**SUPPLIED MATERIAL:**

↓↓↓

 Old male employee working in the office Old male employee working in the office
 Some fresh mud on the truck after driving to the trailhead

↑↑↑
↓↓↓

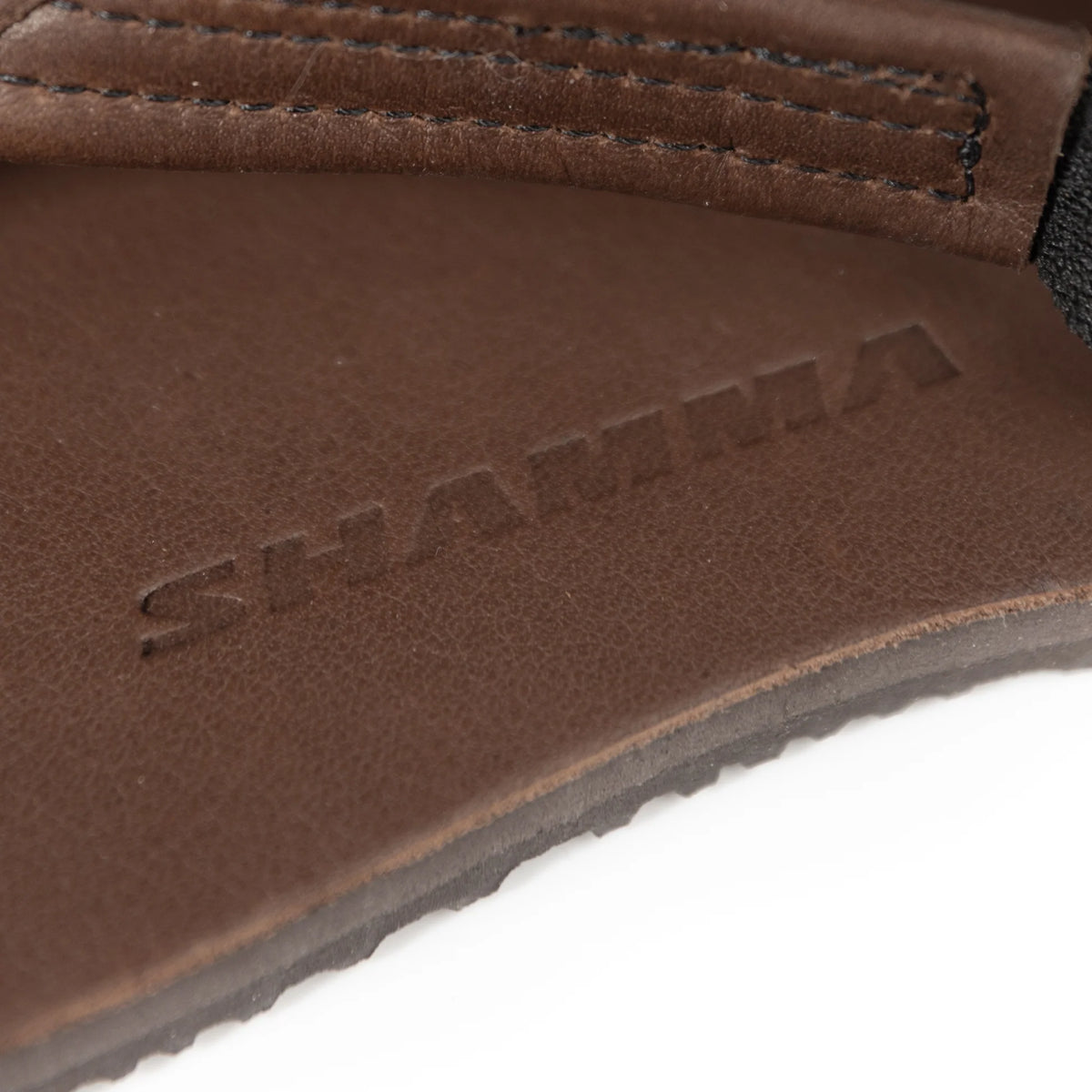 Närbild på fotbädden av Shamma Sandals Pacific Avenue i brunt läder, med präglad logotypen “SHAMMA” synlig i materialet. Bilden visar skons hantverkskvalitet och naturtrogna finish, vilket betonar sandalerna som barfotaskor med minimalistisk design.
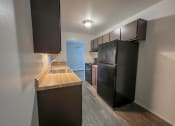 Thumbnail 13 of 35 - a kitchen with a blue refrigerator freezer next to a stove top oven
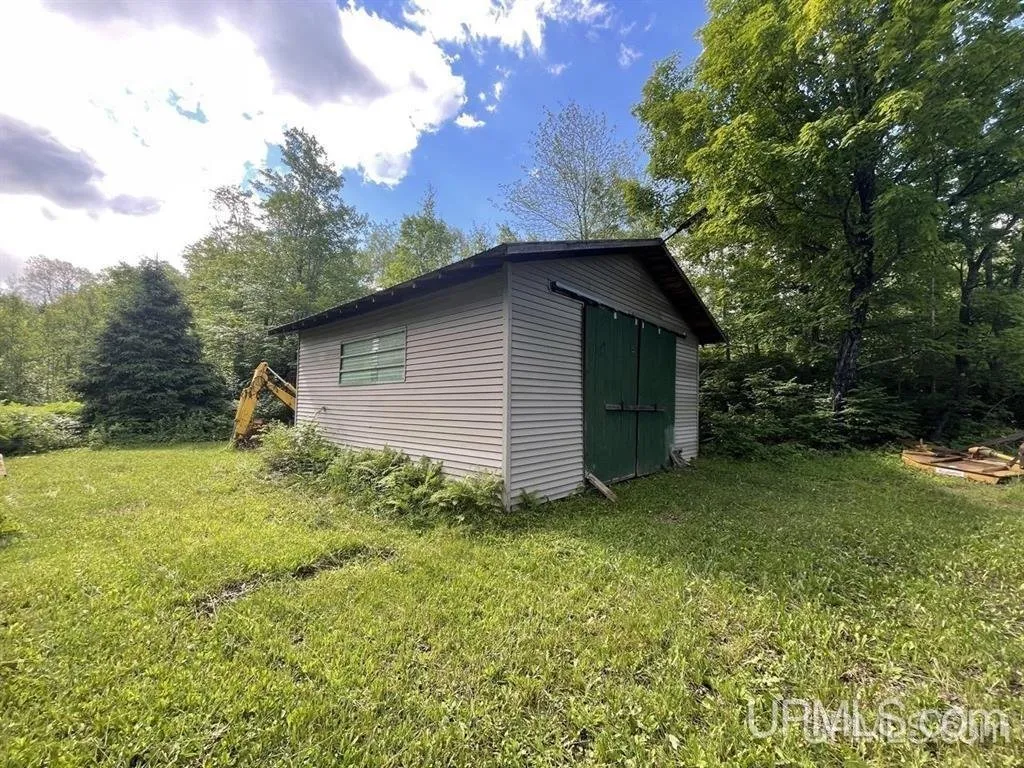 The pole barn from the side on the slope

↑↑↑
↓↓↓

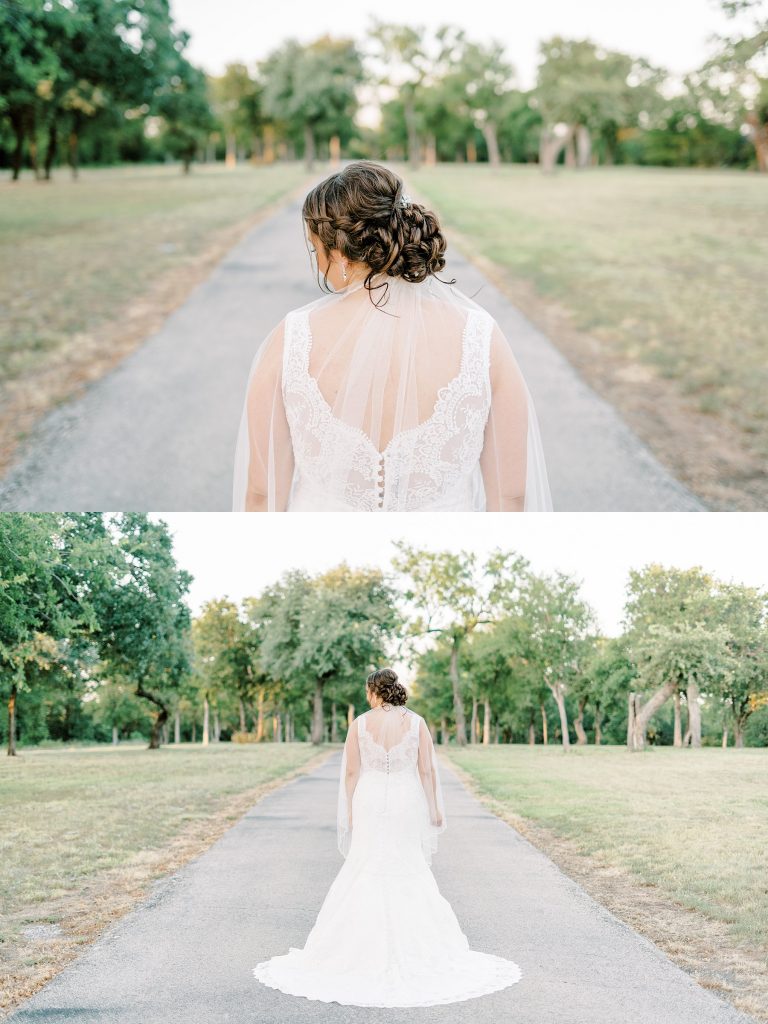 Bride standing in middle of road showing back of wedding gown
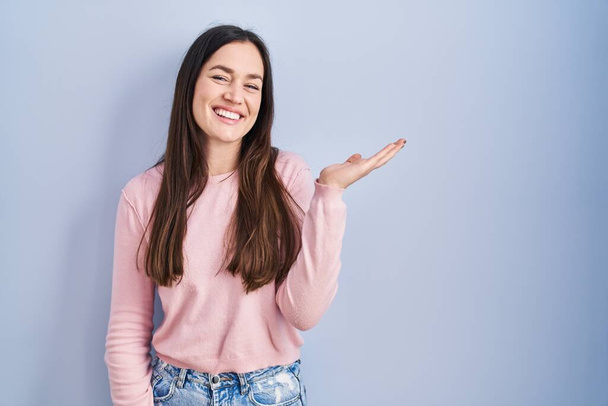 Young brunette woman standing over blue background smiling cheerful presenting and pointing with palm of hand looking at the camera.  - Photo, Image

↑↑↑

**PROBLEM DESCRIPTION:** Each line from the one that contains "Thumbnail 13 of" down to the one that contains "The pole barn from the side on the slope" is to be returned exactly as it stands above, both ends included, with pictures removed.

**SOLVED EXERCISE:**
 Thumbnail 13 of 35 - a kitchen with a blue refrigerator freezer next to a stove top oven
 The pole barn from the side on the slope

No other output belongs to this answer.